» Description of the task: Could you retype, exactly as written, every line from the top of the records through the line that contains "Freedom Park"?

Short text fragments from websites
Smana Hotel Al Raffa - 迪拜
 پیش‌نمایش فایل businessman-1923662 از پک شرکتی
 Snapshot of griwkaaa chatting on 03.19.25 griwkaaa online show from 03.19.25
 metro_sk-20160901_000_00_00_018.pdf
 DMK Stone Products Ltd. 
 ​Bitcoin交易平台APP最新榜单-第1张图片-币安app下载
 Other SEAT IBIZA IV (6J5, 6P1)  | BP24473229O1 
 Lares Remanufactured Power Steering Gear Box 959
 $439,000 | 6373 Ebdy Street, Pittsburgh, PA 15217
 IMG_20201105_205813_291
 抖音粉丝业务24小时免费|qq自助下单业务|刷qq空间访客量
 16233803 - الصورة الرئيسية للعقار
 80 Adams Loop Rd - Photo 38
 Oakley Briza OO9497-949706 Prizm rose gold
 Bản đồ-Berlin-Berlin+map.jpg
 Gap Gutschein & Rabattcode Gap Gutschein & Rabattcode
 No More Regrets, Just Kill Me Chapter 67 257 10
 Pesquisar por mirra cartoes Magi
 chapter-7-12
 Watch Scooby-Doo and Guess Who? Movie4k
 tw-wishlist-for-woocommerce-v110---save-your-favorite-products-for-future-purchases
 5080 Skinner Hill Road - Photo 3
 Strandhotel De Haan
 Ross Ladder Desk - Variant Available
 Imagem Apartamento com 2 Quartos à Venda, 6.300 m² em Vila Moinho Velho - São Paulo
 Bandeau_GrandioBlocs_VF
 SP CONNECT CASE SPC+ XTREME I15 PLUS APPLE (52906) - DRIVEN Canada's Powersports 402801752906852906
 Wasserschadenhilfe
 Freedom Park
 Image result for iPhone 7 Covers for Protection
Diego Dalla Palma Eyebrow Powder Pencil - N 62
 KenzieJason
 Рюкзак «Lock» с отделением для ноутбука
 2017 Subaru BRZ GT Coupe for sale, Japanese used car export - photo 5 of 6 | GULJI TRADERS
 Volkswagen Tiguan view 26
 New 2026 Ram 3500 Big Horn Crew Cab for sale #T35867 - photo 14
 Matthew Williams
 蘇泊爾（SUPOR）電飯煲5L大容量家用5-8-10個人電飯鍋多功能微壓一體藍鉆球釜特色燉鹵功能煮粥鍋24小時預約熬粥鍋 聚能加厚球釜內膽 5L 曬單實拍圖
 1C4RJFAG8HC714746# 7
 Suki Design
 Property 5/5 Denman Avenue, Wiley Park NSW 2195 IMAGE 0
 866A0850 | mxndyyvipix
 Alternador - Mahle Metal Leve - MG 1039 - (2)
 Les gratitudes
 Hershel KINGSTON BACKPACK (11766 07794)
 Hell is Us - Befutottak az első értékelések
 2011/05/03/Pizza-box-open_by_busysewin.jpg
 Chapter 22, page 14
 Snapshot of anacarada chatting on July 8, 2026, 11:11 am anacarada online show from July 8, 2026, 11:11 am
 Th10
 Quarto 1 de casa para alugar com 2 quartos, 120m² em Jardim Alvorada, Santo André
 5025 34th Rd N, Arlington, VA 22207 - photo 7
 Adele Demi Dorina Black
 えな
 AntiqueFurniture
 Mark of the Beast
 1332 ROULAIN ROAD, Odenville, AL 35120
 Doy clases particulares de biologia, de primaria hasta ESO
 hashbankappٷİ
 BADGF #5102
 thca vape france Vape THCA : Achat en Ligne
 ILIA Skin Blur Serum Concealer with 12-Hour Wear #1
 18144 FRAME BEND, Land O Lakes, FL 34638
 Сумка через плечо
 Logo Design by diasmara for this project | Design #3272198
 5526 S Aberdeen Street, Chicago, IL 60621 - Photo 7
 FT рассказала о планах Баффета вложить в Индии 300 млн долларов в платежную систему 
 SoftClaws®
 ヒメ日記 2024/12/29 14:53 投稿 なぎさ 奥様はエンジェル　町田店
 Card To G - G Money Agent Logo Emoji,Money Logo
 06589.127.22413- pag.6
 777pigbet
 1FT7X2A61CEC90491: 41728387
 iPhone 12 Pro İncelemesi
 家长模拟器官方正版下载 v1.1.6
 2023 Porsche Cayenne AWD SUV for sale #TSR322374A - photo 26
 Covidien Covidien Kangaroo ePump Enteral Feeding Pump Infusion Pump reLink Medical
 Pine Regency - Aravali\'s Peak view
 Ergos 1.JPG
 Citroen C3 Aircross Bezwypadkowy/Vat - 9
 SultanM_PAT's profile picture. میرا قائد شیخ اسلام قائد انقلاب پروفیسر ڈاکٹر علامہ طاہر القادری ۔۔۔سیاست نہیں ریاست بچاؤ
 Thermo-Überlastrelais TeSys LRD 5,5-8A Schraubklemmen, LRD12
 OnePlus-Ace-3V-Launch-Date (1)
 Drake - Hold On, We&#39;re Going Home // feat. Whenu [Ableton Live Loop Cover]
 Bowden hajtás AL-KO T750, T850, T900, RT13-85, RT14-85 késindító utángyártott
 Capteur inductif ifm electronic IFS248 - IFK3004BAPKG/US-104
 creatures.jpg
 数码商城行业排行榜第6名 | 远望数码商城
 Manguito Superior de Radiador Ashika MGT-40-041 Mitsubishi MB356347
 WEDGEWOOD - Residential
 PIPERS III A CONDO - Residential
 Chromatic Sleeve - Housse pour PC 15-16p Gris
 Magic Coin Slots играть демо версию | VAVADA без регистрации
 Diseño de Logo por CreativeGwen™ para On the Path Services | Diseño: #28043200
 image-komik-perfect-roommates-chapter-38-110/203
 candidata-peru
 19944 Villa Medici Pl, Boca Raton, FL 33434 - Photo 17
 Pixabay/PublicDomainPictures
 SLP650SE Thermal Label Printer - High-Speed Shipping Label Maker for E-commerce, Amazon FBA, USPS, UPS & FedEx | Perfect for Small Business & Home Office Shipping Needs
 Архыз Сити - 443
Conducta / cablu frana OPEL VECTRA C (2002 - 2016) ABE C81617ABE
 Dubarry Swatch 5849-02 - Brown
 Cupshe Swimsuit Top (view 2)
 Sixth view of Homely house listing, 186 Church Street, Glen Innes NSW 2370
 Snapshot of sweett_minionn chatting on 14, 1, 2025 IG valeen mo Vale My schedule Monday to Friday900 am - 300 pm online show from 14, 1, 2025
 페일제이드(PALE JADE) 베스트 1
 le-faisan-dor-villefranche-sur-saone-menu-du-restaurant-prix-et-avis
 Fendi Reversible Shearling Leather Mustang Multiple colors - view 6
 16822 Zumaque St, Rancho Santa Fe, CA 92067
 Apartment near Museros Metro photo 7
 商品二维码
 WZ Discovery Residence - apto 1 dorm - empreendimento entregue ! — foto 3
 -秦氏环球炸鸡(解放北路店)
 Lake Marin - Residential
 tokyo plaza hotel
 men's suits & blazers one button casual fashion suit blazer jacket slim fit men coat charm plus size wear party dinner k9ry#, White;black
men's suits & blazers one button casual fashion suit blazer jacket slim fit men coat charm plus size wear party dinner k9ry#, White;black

» Task result:
Smana Hotel Al Raffa - 迪拜
 پیش‌نمایش فایل businessman-1923662 از پک شرکتی
 Snapshot of griwkaaa chatting on 03.19.25 griwkaaa online show from 03.19.25
 metro_sk-20160901_000_00_00_018.pdf
 DMK Stone Products Ltd. 
 ​Bitcoin交易平台APP最新榜单-第1张图片-币安app下载
 Other SEAT IBIZA IV (6J5, 6P1)  | BP24473229O1 
 Lares Remanufactured Power Steering Gear Box 959
 $439,000 | 6373 Ebdy Street, Pittsburgh, PA 15217
 IMG_20201105_205813_291
 抖音粉丝业务24小时免费|qq自助下单业务|刷qq空间访客量
 16233803 - الصورة الرئيسية للعقار
 80 Adams Loop Rd - Photo 38
 Oakley Briza OO9497-949706 Prizm rose gold
 Bản đồ-Berlin-Berlin+map.jpg
 Gap Gutschein & Rabattcode Gap Gutschein & Rabattcode
 No More Regrets, Just Kill Me Chapter 67 257 10
 Pesquisar por mirra cartoes Magi
 chapter-7-12
 Watch Scooby-Doo and Guess Who? Movie4k
 tw-wishlist-for-woocommerce-v110---save-your-favorite-products-for-future-purchases
 5080 Skinner Hill Road - Photo 3
 Strandhotel De Haan
 Ross Ladder Desk - Variant Available
 Imagem Apartamento com 2 Quartos à Venda, 6.300 m² em Vila Moinho Velho - São Paulo
 Bandeau_GrandioBlocs_VF
 SP CONNECT CASE SPC+ XTREME I15 PLUS APPLE (52906) - DRIVEN Canada's Powersports 402801752906852906
 Wasserschadenhilfe
 Freedom Park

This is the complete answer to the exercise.